#InfocusAI is back with a new serving of exciting AI-related news before the long weekend. Read on to learn about an anti-AI hallucination platform by Themis AI, a study of information compression limits, a new AI laboratory by Meta*, an action model by AIRI, and a LLM thought tracking toolset by Anthropic.
AI-focused digest – News from the AI world
Issue 66, May 29 – June 11, 2025
Start-up by MIT researchers trains models to look for errors in their replies
The Themis AI start-up founded by MIT researchers has developed a new tool for combating AI hallucinations: the Capsa platform. Its purpose is to help models ‘understand that they don’t understand everything’, according to MIT News. This means detecting knowledge gaps and correcting unreliable output data. The article is not entirely clear on the platform’s operational principles, though. It only states that the system modifies models to enable them to detect data processing patterns that signal ambiguity, incompleteness or bias. We are waiting for some details.
Anthropic opened access to LLM ‘thought tracking’ tools
To continue with the subject of analyzing LLM ‘thought process’, Anthropic recently opened a toolset that makes it possible to recreate their earlier announced methodology for tracking the large language models’ decision-making process to a wide professional and research community. Their approach involves creating attribution graphs that partially reveal the internal steps a model takes to come to any given conclusion. The company shared an open-source tool library for creating attribution graphs for popular open-weight models; an interface they published on Neuronpedia makes it possible to interactively study those graphs. See details and all links here.
Researchers found language models’ information compression limits
Scientists from AIRI, MIPT and the London Institute for Mathematical Sciences studied compression limits of modern LLMs, i.e., the amount of information they can effectively store and process internally, CNews reports. Their research confirmed that 1,500 tokens’ worth of text can be compressed into a single vector. Therefore, a book like ‘The Hobbit, or There and Back Again’ which is 120,000 tokens long can be presented as 100-200 vectors, depending on the model’s size. The maximum achievable lossless compression ratio is generally no more than x10, but as this research shows, there are vectors with up to x1,500 compression ratio.
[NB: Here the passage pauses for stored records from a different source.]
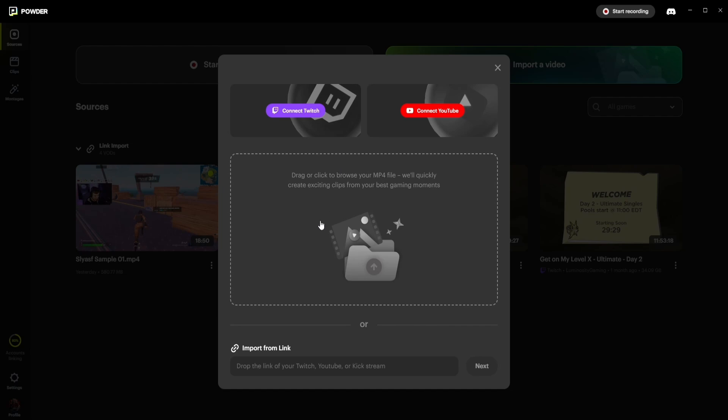You can also manually upload a piece of streaming content by dragging and dropping an MP4 file right here, or by pasting your Twitch, YouTube, or Kickstream URL links right here.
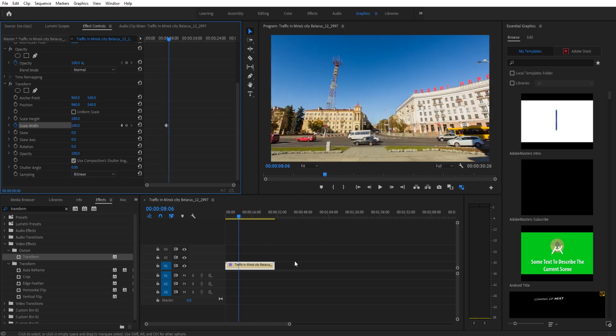Anyway, that is how you quickly flip footage in Adobe Premiere Pro. Thanks everyone for joining me. If you have any questions or comments, go ahead and throw them in the comments section below, on our website, adobemasters.net.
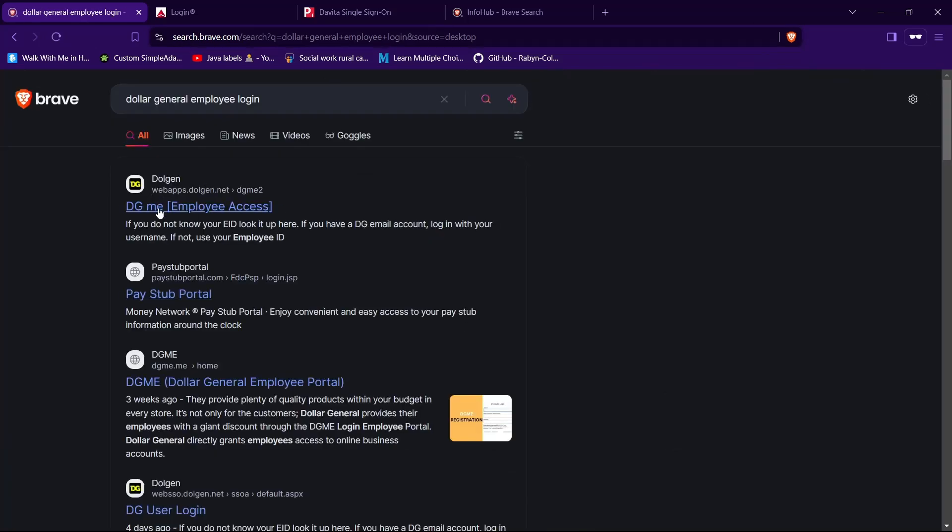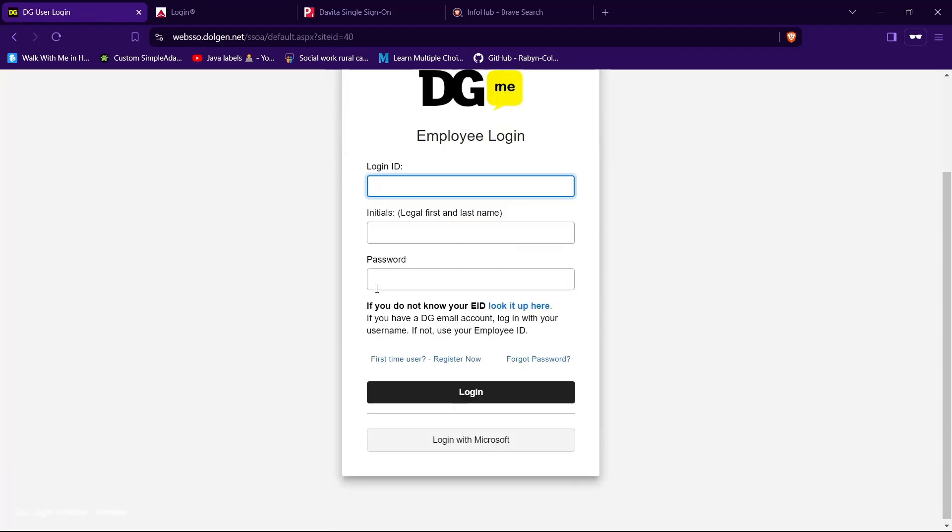Then tap on the website having URL as webapps.dollgen.net, in my case it's the first one. Now here you need to provide your login credentials to login to your account. So type a user ID in the text field given for your user ID.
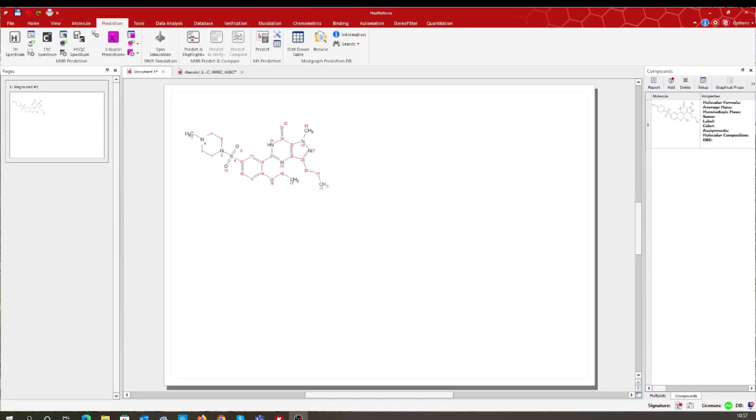Hi! Did you know that within MNOVA you can predict the NMR spectra of your reagents and products?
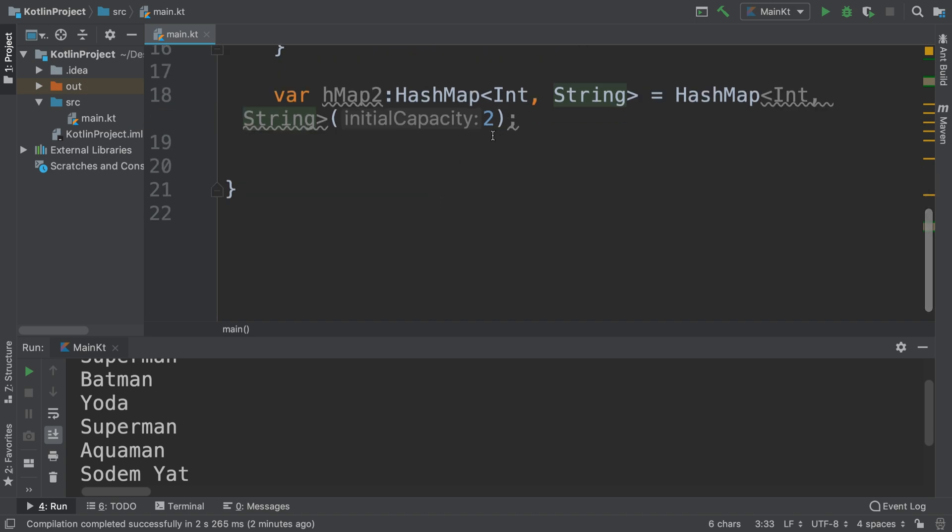Actually, you know what, I think we've shown you quite a bit in this video because removing and putting values are very similar. The dot replace method allows you to replace a particular value at a certain index. You can use methods called containsKey and containsValue which allow you to check for a particular key or particular value. You can use dot clear which just empties out the actual HashMap itself.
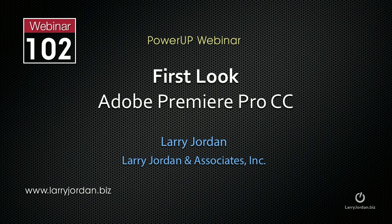Hi, this is Larry Jordan. The following is an excerpt of a recent Power Up webinar taking a first look at Adobe Premiere Pro CC.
You can read it all in the science language here.
Russian scientists presented new Vintix action model
Another piece of news from Russian developers: the AIRI Institute offered open access to the Vintix action model, according to Forbes. This is the type of AI model that makes decisions on taking action based on data they receive from the environment. They can be used in robotics and industrial process management. The article says Vintrix can analyze three times as much data as its competitors like JAT by Hugging Face or GATO by Google DeepMind. The model is capable of self-correction and self-improvement, its architecture is resistant to noise and partial environment observability, making it relevant for industrial use.
Meta* to open new AI lab
The Meta company (designated as extremist and banned in Russia) is soon going to launch a new research lab that would work on creating a super-intelligence: an AI system that exceeds human capabilities, The New York Times reports. The paper adds that Alexandr Wang, the founder of Scale AI, will be joining the lab. The lab is part of the Meta* effort to reorganize its AI branch that has been facing lots of internal and external challenges recently.
*The Meta company is designated as extremist and banned in Russia.